═══ Data for review ═══

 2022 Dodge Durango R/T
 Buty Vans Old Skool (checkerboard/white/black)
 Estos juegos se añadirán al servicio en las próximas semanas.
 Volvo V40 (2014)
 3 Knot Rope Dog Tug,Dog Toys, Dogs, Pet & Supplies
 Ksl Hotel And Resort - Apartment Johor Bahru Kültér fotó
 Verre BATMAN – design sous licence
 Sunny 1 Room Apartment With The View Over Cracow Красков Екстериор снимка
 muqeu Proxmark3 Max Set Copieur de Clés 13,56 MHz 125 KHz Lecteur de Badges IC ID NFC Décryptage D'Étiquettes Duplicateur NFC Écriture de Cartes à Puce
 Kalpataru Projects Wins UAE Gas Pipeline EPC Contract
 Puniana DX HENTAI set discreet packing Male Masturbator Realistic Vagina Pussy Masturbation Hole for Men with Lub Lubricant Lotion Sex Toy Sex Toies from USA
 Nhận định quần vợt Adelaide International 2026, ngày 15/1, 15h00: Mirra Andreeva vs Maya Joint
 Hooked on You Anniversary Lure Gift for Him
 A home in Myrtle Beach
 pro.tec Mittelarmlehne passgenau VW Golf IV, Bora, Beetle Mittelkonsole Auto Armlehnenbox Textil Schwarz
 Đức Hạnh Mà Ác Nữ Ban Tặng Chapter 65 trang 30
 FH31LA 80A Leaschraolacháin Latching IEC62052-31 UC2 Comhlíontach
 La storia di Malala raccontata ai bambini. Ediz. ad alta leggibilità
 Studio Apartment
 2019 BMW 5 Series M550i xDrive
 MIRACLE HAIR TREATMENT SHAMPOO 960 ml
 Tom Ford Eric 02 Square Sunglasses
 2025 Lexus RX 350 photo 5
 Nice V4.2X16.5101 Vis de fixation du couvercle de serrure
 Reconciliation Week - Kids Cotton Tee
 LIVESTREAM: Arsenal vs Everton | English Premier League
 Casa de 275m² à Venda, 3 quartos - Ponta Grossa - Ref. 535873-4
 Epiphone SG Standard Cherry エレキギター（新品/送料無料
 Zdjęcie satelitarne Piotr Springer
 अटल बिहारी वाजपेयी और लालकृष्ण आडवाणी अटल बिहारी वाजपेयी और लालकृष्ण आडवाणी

═══

• _What you will do_:
A verbatim transcription is required: the first line of the listing, the line containing "A home in Myrtle Beach", and every line between them.

• _Solution to this problem_:
 2022 Dodge Durango R/T
 Buty Vans Old Skool (checkerboard/white/black)
 Estos juegos se añadirán al servicio en las próximas semanas.
 Volvo V40 (2014)
 3 Knot Rope Dog Tug,Dog Toys, Dogs, Pet & Supplies
 Ksl Hotel And Resort - Apartment Johor Bahru Kültér fotó
 Verre BATMAN – design sous licence
 Sunny 1 Room Apartment With The View Over Cracow Красков Екстериор снимка
 muqeu Proxmark3 Max Set Copieur de Clés 13,56 MHz 125 KHz Lecteur de Badges IC ID NFC Décryptage D'Étiquettes Duplicateur NFC Écriture de Cartes à Puce
 Kalpataru Projects Wins UAE Gas Pipeline EPC Contract
 Puniana DX HENTAI set discreet packing Male Masturbator Realistic Vagina Pussy Masturbation Hole for Men with Lub Lubricant Lotion Sex Toy Sex Toies from USA
 Nhận định quần vợt Adelaide International 2026, ngày 15/1, 15h00: Mirra Andreeva vs Maya Joint
 Hooked on You Anniversary Lure Gift for Him
 A home in Myrtle Beach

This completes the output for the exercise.